Yehezkel Ben-Ari est né au Caire le 1er décembre 1943. Il a mené ses études secondaires au collège des frères du Caire puis au lycée agricole de Nahalal en Israël. Il a mené ses études supérieures à l’université hébraïque de Jérusalem puis à Paris. 

  • Bachelor of Sciences en biochimie et physiologie et un Master Degree, université hébraïque de Jérusalem, (Pr Y Palti) (1966).
  • Diplôme d’études approfondies de neurophysiologie à l’université Paris VI, professeurs Alfred Fessard et Denise Albe-Fessard (1967).
  • Docteur ès sciences, l’intitulé de sa thèse étant “La plasticité nerveuse unitaire” (1971).
  • Chercheur dans le laboratoire de physiologie nerveuse du CNRS, Institut Marey de Paris (1967–1971), laboratoire de physiologie nerveuse du CNRS de Gif-sur-Yvette, dirigé par Robert Naquet (1972–1986), laboratoire qui intègrera plus tard l’Institut de neurobiologie Alfred Fessard dont il a été l’un des concepteurs. 
  • Post-doctorant à l’université de Cambridge en Angleterre (MRC Unit) chez les Drs L Iversen et JS Kelly (1973–1975), au département des Pr E Rinvik et OP Ottersen, à l’université d’Oslo (1978), chez le Pr Krnjevic à l’université McGill à Montréal (1979–1980).
  • Maître de recherche, directeur de recherche de 1ère classe (1992), directeur de recherche de classe exceptionnelle (2002), directeur de recherche émérite au CNRS. 
  • Directeur de l’unité de recherche Inserm 29 « Neurobiologie et physiopathologie du développement » à l’hôpital Cochin-Port-Royal, Paris, à la succession d’Alexandre Minkowski (1986–1997).
  • En 1998, il migre avec tous les chercheurs, ingénieurs et administratifs de l’unité (une des plus importantes délocalisations de l’Inserm) pour construire et créer, avec le concours de l’Inserm, l’Institut de neurobiologie de la Méditerranée (Inmed), unité Inserm 29, à Marseille.
  • Directeur de cette unité de 1998 à 2007. Alfonso Represa-Belmejo lui succède en 2008 à la direction de l’unité, devenue unité 901 sous le même intitulé.
  • Directeur honoraire de l’Inmed, unité Inserm 901, puis 1249, depuis 2009.
  • Création de l’Institut Ben-Ari de neuroarchéologie (2017).

Instances scientifiques

  • Membre de la commission scientifique de la Fondation française de la recherche sur l’épilepsie, du comité scientifique du centre interdisciplinaire des neurosciences à l’université de Heidelberg (2003–2007) et du comité d’évaluation de la Deutsche Forschungs Gemeinschaft (DFG) de l’université de Göttingen (2006), ainsi que du comité de sélection de la DFG des centres d’excellence en neuroscience et neurologie, du comité scientifique consultatif international de l’Institut croate de recherche sur le cerveau (2004), du comité scientifique consultatif du congrès international de la Ligue internationale contre l’épilepsie (ILAE).
  • Membre de la commission « Biologie du développement » du ministère de la Recherche et de la Technologie, de la commission scientifique du CNRS « Pharmacologie des récepteurs induits par les neurotransmetteurs ».
  • Expert pour l’évaluation de projets de recherche du Welcome Trust, des académies internationales tchèque, suisse, israélienne, canadienne, entre autres, ainsi que de nombreuses fondations américaines. 
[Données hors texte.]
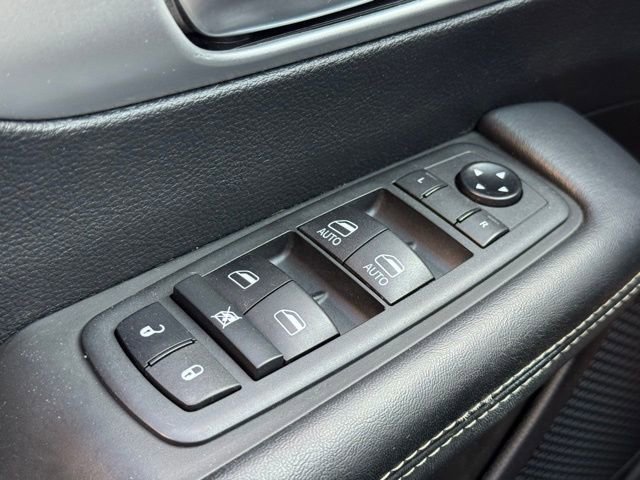 Used 2020 Chrysler Pacifica Touring w/ S Appearance Package image 28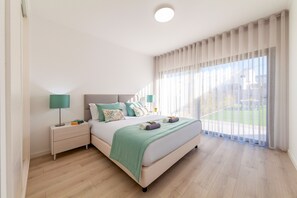 3 chambres, lits bébé (en supplément), draps fournis
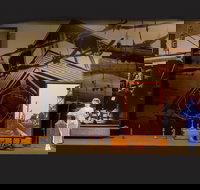 POW Hologram Theatre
Sociétés savantes – Académies

Membre de nombreuses sociétés savantes, notamment, l’American Society for Neuroscience, la Physiological Society et la Société française des neurosciences. 

Prix – Distinctions

  • Grand Prix de l’American Epilepsy Society (2000)
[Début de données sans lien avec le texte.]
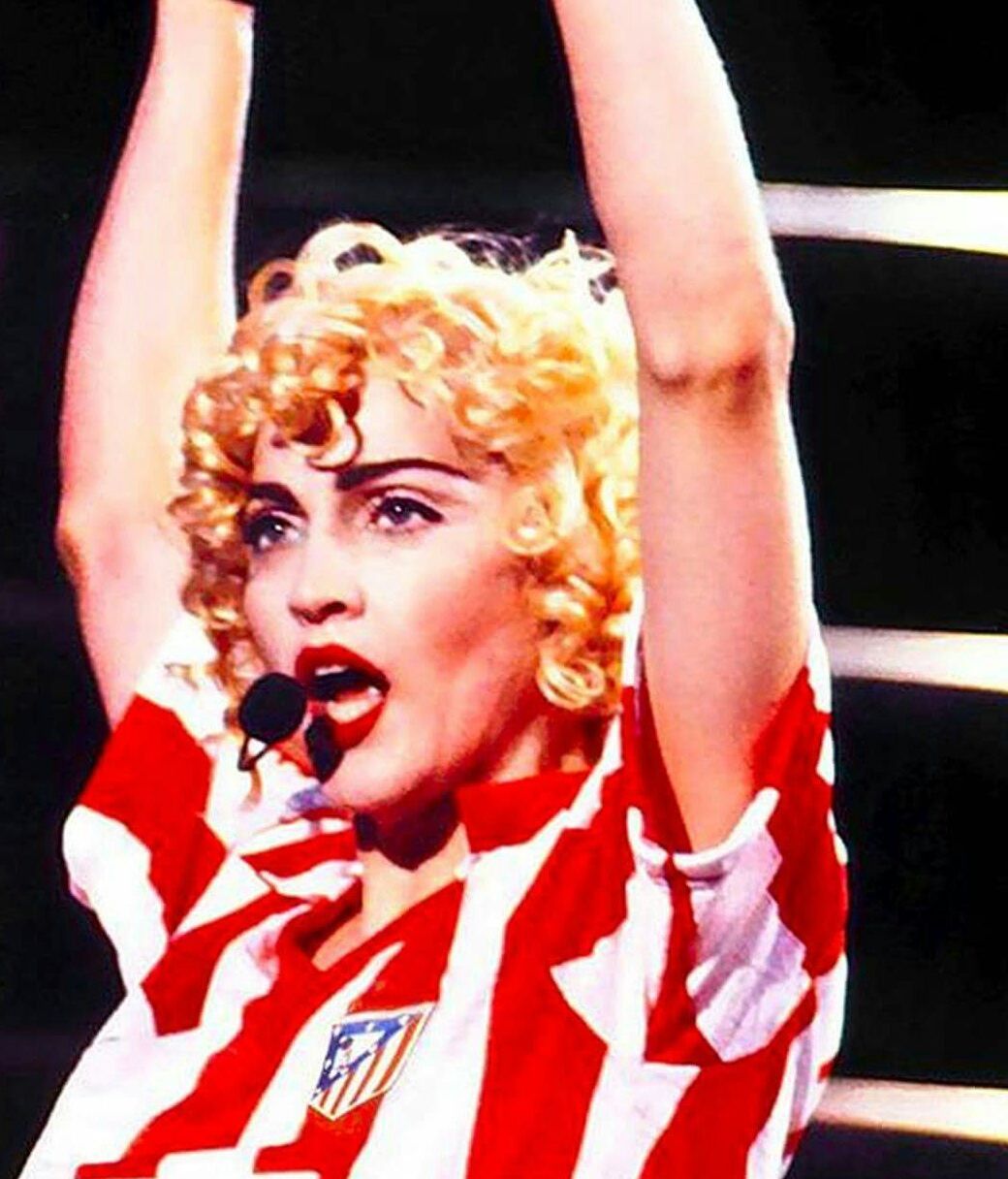 Madonna con la camiseta del Atleti durante su concierto en el Calderón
L’American Epilepsy Society est une société prestigieuse dans le domaine de l’épilepsie. Le prix qu’elle attribue chaque année a pour but de récompenser les découvertes qui vont améliorer la santé des épileptiques, la compréhension des mécanismes de l’épileptogenèse et le développement de nouvelles stratégies thérapeutiques. Yehezkel Ben-Ari est le premier chercheur français à recevoir cette distinction que seul un clinicien français, Jean Aicardi, avait auparavant reçue pour ses travaux dans le domaine de l’épilepsie infantile. 

  • Grand prix de la santé de la Fondation électricité de France (2002)
  • Prix de recherche Rotary Brain (2006)
  • Grand prix Inserm de la recherche médicale (2009)
  • Docteur honoris causa, université de Liège, Belgique (2009)
  • Prix de la Société européennes d’épilepsie (2010)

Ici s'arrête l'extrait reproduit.